I consider my install "fast" because it took less than an hour to rough-in 26 heads. However, I had a helper for the rough-in. First, I assembled all the funny pipe risers and heads plus I laid out the pipe the night before. Second, I bulk ordered 20 foot Sch 40 pipe from a local plumbing house. These full-length pipes have a molded slip-fitting "bell" at one end. I was told by a plumber friend that these molded joints are better than couplings because is has more surface area and there's only one glue joint involved. So I actually didn't need too many couplings except for a few 90° elbows and a slip/thread at each funny pipe connection. Third, we didn't fret about perfect glue joints on the sprinkler side of the manifolds. We just slopped on heavy primer/glue, gave a little twist, and then held the joint together tightly for a few seconds until fused. Drop it and move on. You can be a little sloppy on the sprinkler side of the manifolds. There's zero water hammer issues and relatively trivial pressure (50 PSI in my system). My helper showed up around 10 AM and we were done with the rough-in by 11 AM.
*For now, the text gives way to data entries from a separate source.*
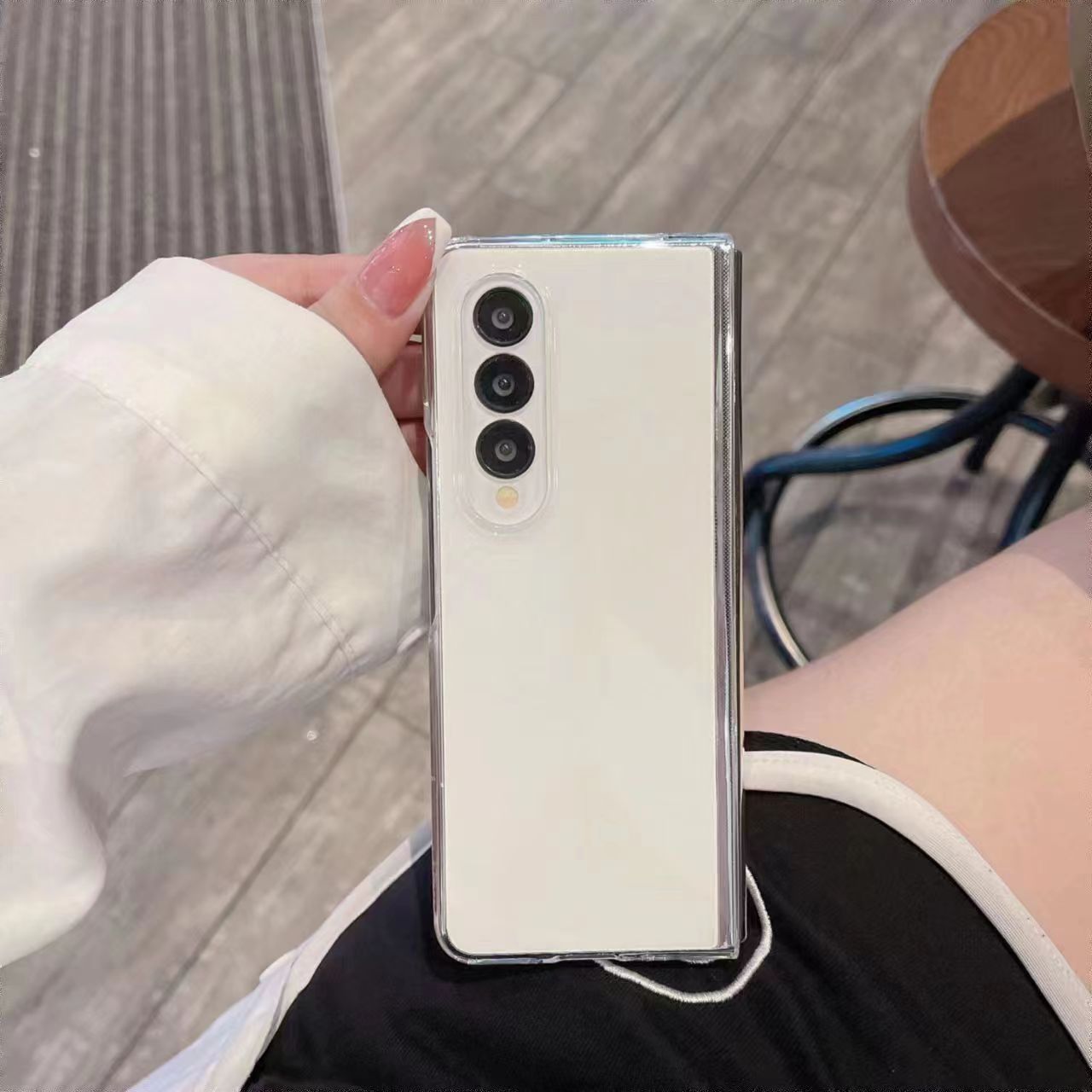 Telefono Samsung Fold7 compatibile con custodia trasparente Fold4 al 70%, protezione per lo schermo Fold5w scontata del 78%_voghion.com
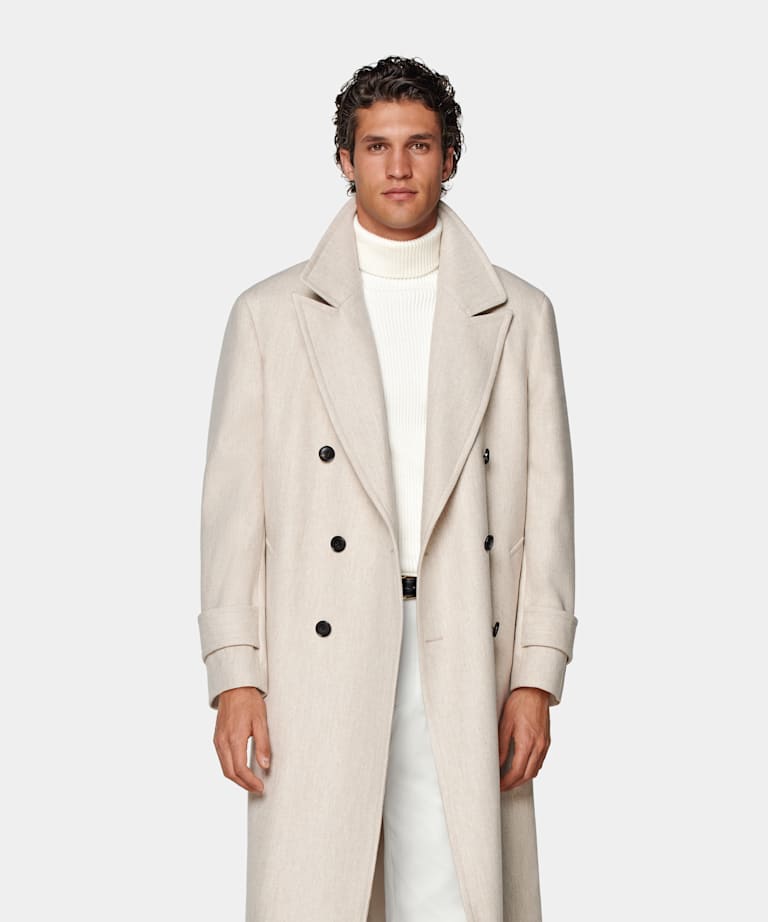 Manteau long sable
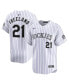 Фото #1 товара Men's Kyle Freeland White Colorado Rockies Home Limited Player Jersey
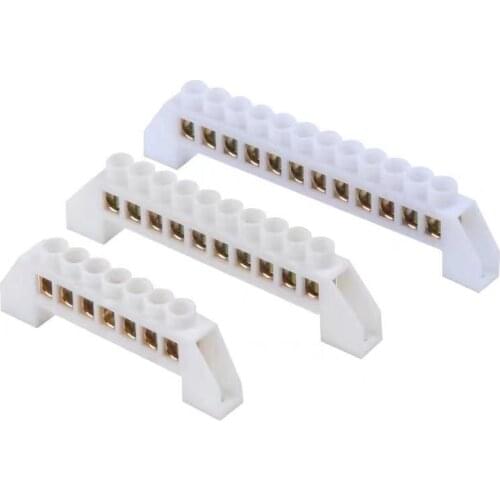 5 hole bridge type zero line row ground row ground copper bar distribution box connected to zero terminal row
On the other hand, I was careful assembling and gluing my mainline and manifold. I have 5 zones and designed an above-ground manifold that's (hopefully) future-proof and easy to rebuild when needed. So just my manifold and the immediate secondary lines going out to the sprinklers took an entire afternoon to finish. Most of my time and effort was spent fitting very short pipe lengths to get even, identical spacing for the valves.

But I still enjoyed the job. I sat on the ground under a canopy and dangled my feet down the hole while working in 105° F July 4th weekend heat. Sure, I may have been high from PVC glue fumes and suffering moderate heat exhaustion, but that just builds character.


----------



## TSGarp007 (May 22, 2018)

Yeah I had 10 ft normal sections of pipe. I wished I had 20' bell-end when I was working with it, just because it would have been faster. Used maybe 220' of 1.5" PVC total for the master line and part of two zones. Funny I intentionally waited to do my project in the winter b/c 4th of July heat would have killed me!


----------



## Hat (May 26, 2020)

THank you everyone for your advice. I ended up digging more so that I could move the pipes in order to do a straight in-line repair with just couplings, a small piece of pipe, and a new threaded tee for the swing pipe and sprinkler head. Used pvc primer and glue. Worked like a charm. Sorry, I forgot to take a photo of the finished product before I buried it.


----------